A Rite of Passage to Nowhere
“Tiny Times,” Chinese Cinema, and Chinese Women
By YING ZHU, FRANCES HISGEN

Tiny Times, a Chinese feature film set in contemporary Shanghai, made
headline news on its opening day in late June by knocking  the Hollywood
blockbuster Man of Steel from its perch atop the domestic box-office and
breaking the opening-day record for a Chinese-language 2D release.

The film follows four college girls as they navigate romance and their
professional aspirations, but the bulk of the film is about the female
longing for a life of luxury in the company of a good-looking man. Tiny
Times is not a women’s film, though it does feature female characters,
draped from head to toe in designer clothes and easily mesmerized by the
presence of supposedly visually stunning males—not the usual, muscle-bound
Hollywood types, but Asian boys of androgynous demeanor with compact
frames, equisite facial contours and the look of perpetual youth.

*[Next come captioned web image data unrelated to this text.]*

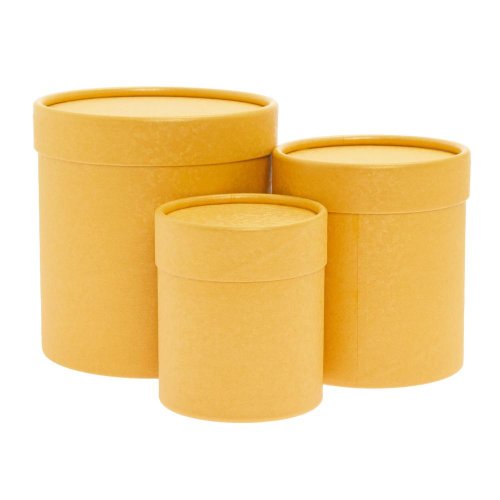 Darčeková krabička žltá s/3 8x10 - 13x4cm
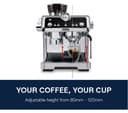 DELONGHI La Specialista Prestigio EC9355.M Bean to Cup Coffee Machine - Silver thumbnail 8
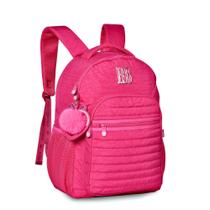 Mochila de Costas Rebecca Bonbon Crinkle Matelassê com Chaveiro RB24041 - Volta Às Aulas Mochila de Costas Rebecca Bonbon Crinkle Matelassê com Chaveiro RB24041 - Volta Às Aulas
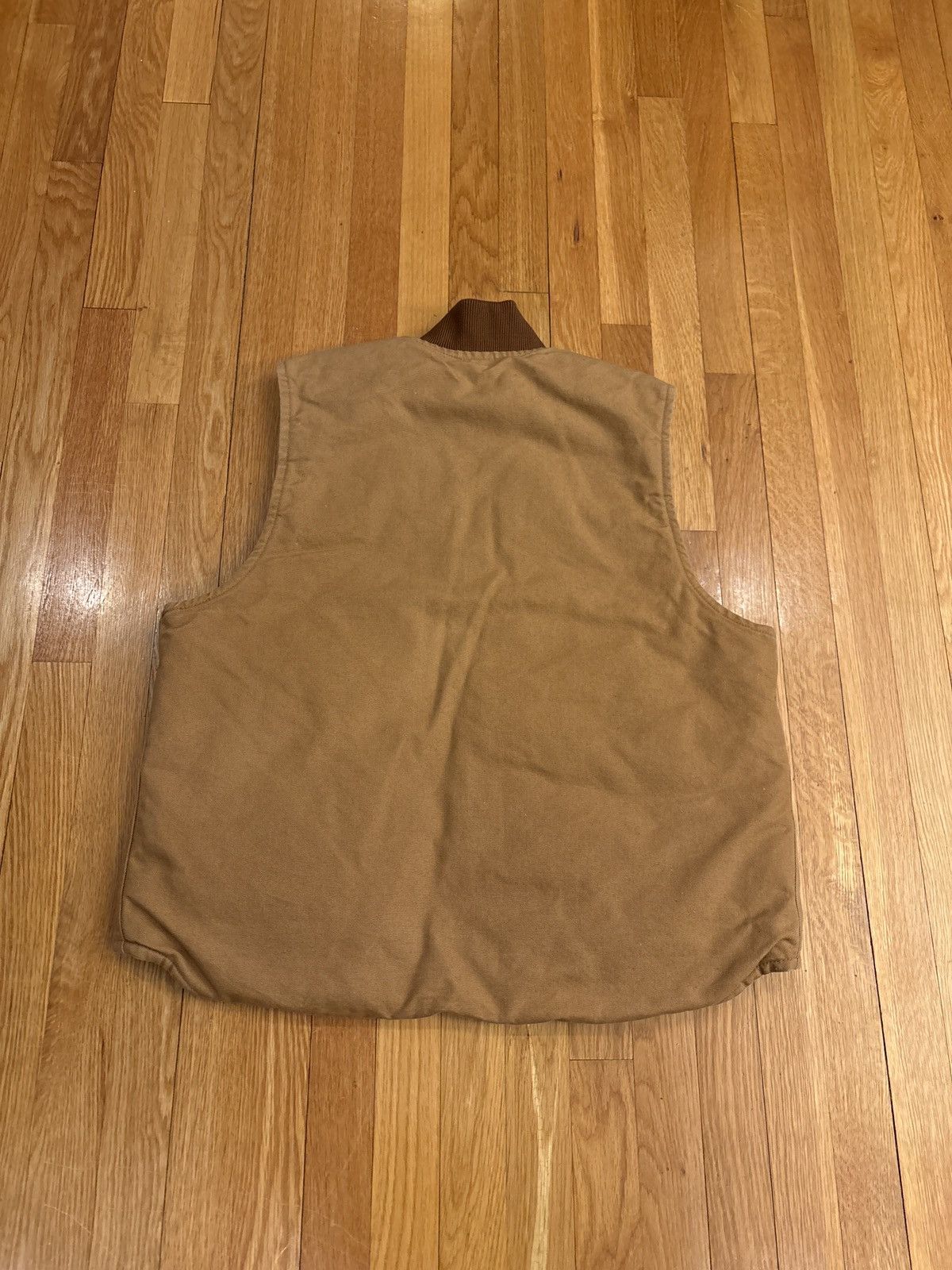Carhartt Mens Carhartt Duck Tan Vest Size Large Size US L / EU 52-54 / 3 - 2 Thumbnail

At first glance, Tiny Times might be mistaken for a Sinicized Sex and the
City, but soon it becomes clear that the four boy-crazed, mall-loitering
characters in Shanghai have little in common with the fiercely independent
career women in Candace Bushnell’s New York. Positioned in the market by
Le Vision Pictures of Beijing as a coming of age story, the rite of
passage for one dazed girl in the film is to grow into a competent
personal assistant to her oh-so-handsome male boss whose aloof demeanor
and penetrating gaze constantly destabilizes her. Another girl from a
nouveau riche family, showers her boyfriend with expensive clothes and
accessories. The third girl—chubby, suffering from stereotypically low
self-esteem and emotional eating—is made fun of throughout the movie as
she obsesses over young tennis player, the one man in the movie who
actually possesses something resembling muscle. The fourth girl, a budding
fashion designer from a humble background, is trapped in an abusive
relationship with yet another good-looking boy.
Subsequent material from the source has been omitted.